Thursday, November 23, 2017
Refugee and journalist Behrouz Boochani arrested in Manus as squad steps in
On Thursday morning PNG police, the paramilitary Mobile Squad and immigration officers entered the centre to force out the remaining hundreds of refugees who for more than three weeks have camped in deteriorating conditions.
Refugees reported that about 40 men had been forced on to buses, presumably heading to the transit accommodation. An ABC journalist reported seeing several buses carrying refugees leave the centre.
The men have refused to leave the facility – which formally closed at the end of last month – because of their safety fears in the town of Lorengau.
It was not clear on Thursday afternoon where Boochani had been taken, or whether he had been charged. Manus Island police officials could not be reached.
Boochani has been one of the most prominent of the group, reporting for the Guardian and a number of other publications around the world on the conditions inside the centre.
On Thursday afternoon several refugees confirmed Boochani had been taken away from the camp by members of the Mobile Squad. Pictures of the event showed him being led away, flanked by officers.
Boochani had been reporting from a hiding place in the toilets while officers confiscated phones and destroyed the belongings of refugees.
However, according to witnesses, officers specifically searched for him and others reporting events to the outside world.
Amnesty International said it wasn’t clear why Boochani had been arrested but it appeared to be “a deliberate attempt to isolate human rights activists from the wider group”.

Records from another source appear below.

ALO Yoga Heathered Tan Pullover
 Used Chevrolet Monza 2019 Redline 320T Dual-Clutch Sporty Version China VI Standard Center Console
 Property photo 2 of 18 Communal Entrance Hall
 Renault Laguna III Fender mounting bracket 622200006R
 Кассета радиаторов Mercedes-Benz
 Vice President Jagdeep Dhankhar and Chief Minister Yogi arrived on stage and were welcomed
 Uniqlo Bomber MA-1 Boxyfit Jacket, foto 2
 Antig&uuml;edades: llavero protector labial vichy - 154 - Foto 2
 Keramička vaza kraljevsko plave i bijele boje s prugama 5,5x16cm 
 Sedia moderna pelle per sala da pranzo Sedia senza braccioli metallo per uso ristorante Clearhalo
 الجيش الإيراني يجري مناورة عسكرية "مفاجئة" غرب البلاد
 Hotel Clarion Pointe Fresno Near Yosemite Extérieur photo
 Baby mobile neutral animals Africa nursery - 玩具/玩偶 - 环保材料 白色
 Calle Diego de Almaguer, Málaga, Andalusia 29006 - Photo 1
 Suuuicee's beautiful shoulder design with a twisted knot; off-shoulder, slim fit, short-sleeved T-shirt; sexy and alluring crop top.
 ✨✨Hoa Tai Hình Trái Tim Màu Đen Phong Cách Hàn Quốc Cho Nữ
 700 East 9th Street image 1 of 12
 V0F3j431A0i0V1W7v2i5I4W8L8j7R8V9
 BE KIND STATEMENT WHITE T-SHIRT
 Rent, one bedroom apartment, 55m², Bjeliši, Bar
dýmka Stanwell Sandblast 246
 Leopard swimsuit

“The arrest of Behrouz Boochani as a so-called ringleader of the peaceful protest on Manus Island is deeply misguided,” said Kate Schuetze, Amnesty International’s Pacific researcher.
“It violates his rights and sends a terrible signal about PNG’s intentions with regard to the remaining 400-plus men. He must be immediately and unconditionally released from police custody.”
Australia’s Media Entertainment and Arts Alliance union said if Boochani had been targeted because of his reporting then it was “an egregious attack on press freedom”.
“His reporting in the finest traditions of journalism has been critical when the Australian and PNG governments have done everything they can to prevent media from having access to the asylum seekers on Manus Island,” said the MEAA chief executive, Paul Murphy.
“We call on the Australian and PNG governments to release him from custody, assure his safety, and not to hinder him from continuing to perform his role as a journalist.”
This month Boochani was awarded an Amnesty International Australia media award for his body of journalistic work reporting from Manus.
The award’s judges said his work “delivered under very difficult circumstances, is powerful,
courageous and extraordinary. Its currency, its emotion, its credibility all combine to make it really special”.
Boochani, an ethnic Kurd from Ilam city in the west of Iran, bordering Iraq, was a freelance journalist in his homeland, and began his career writing for the student newspaper at Tarbiat Modares University in Tehran where he studied geopolitics.
He wrote for several newspapers in Iran, including the Kurdish language magazine Werya.
Boochani spent several years under surveillance because of Werya’s promotion of Kurdish language, culture and politics. His membership of the Kurdish Democratic party, outlawed in Iran, and the National Union of Kurdish Students, brought him even closer attention.
In 2011, Boochani was arrested and interrogated by Iran’s Sepah – the country’s paramilitary intelligence agency. In 2013, Werya’s offices were raided and his colleagues arrested. Escaping arrest, Boochani fled the country.